By J. Amy Dillard, Associate Professor of Law, University of Baltimore School of Law
This morning, the U.S. Supreme Court will hear two cases that address whether the sniff of a dog constitutes a search of a home under the Fourth Amendment and whether a trained drug-sniffing dog’s “alert” gives probable cause for a warrantless search of a vehicle.
Where citizens have very low expectations of privacy like the exterior of luggage in an airport terminal, the Court has held that the warrantless sniff of a dog does not violate the Fourth Amendment. But in Florida v. Jardines, a trained police dog, without a warrant, sniffed the front porch and door of a home, where the occupant’s Fourth Amendment privacy interests were at her strongest; he alerted that drugs were within the home by sitting down at the front door. Based on the dog’s alert, police obtained a warrant to search the home and found marijuana plants.
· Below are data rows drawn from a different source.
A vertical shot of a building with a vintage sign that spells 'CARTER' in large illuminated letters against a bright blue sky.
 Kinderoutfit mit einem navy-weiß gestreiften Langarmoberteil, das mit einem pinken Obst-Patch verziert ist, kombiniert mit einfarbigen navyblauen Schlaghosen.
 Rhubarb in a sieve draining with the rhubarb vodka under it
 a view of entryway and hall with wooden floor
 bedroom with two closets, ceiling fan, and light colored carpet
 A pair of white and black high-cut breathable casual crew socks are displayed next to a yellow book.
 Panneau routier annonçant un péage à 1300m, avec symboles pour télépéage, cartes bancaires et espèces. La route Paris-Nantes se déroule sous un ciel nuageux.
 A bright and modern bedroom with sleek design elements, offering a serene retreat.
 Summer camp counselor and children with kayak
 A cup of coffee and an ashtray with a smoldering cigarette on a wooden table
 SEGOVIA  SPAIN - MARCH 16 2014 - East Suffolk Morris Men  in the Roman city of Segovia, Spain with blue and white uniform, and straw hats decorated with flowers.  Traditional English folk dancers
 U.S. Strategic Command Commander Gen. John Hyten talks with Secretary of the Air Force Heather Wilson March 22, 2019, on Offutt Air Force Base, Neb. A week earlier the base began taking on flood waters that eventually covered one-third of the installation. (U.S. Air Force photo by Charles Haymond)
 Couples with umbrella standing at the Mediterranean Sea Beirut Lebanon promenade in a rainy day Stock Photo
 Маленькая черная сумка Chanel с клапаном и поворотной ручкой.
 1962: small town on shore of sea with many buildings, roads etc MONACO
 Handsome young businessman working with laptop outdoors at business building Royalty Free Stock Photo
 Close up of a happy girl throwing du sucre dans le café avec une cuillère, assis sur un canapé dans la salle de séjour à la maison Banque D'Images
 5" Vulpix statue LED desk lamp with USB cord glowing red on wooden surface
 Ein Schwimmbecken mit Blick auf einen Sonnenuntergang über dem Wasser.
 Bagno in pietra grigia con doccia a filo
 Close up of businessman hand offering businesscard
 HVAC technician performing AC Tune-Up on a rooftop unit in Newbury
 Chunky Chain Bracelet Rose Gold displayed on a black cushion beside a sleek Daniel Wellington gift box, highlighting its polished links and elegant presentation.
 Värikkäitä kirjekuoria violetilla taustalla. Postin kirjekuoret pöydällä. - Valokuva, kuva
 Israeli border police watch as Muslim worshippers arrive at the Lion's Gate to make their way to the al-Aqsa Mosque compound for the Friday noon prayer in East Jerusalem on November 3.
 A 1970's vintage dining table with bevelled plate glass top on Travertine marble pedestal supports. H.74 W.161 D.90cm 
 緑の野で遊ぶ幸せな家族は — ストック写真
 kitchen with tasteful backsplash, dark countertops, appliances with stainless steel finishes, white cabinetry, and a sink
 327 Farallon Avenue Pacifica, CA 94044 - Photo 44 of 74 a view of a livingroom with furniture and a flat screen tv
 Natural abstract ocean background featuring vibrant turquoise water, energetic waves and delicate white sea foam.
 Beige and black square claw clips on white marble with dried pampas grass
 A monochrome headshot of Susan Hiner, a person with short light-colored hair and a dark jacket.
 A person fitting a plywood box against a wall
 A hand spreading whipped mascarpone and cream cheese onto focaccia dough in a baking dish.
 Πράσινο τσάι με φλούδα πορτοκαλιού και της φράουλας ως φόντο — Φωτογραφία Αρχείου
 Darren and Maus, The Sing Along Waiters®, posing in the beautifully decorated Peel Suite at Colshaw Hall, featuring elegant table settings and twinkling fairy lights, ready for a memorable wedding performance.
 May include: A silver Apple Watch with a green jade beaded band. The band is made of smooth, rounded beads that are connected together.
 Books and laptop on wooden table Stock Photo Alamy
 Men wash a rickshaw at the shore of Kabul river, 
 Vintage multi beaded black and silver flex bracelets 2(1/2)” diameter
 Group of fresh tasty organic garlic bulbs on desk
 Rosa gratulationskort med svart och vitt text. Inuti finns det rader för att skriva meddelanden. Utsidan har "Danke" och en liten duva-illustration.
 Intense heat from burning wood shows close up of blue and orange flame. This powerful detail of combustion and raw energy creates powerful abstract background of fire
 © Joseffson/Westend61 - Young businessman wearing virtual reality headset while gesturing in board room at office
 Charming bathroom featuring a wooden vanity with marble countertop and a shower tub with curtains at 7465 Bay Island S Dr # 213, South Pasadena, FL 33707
At issue in Jardines is whether the defendant had a Fourth Amendment interest in protecting the exterior of her home from a sniffing dog. In Florida v. Harris, the Court must address the reliability of a trained drug-sniffing dog and determine what evidence the government must offer of that reliability when the dog provides the fundamental piece of evidence supporting probable cause to justify a warrantless search of a vehicle. In Harris,a police officer responded to an alert by a trained police dog on the exterior handle of a vehicle and, relying on that dog’s alert, entered the vehicle without a warrant and seized drug contraband.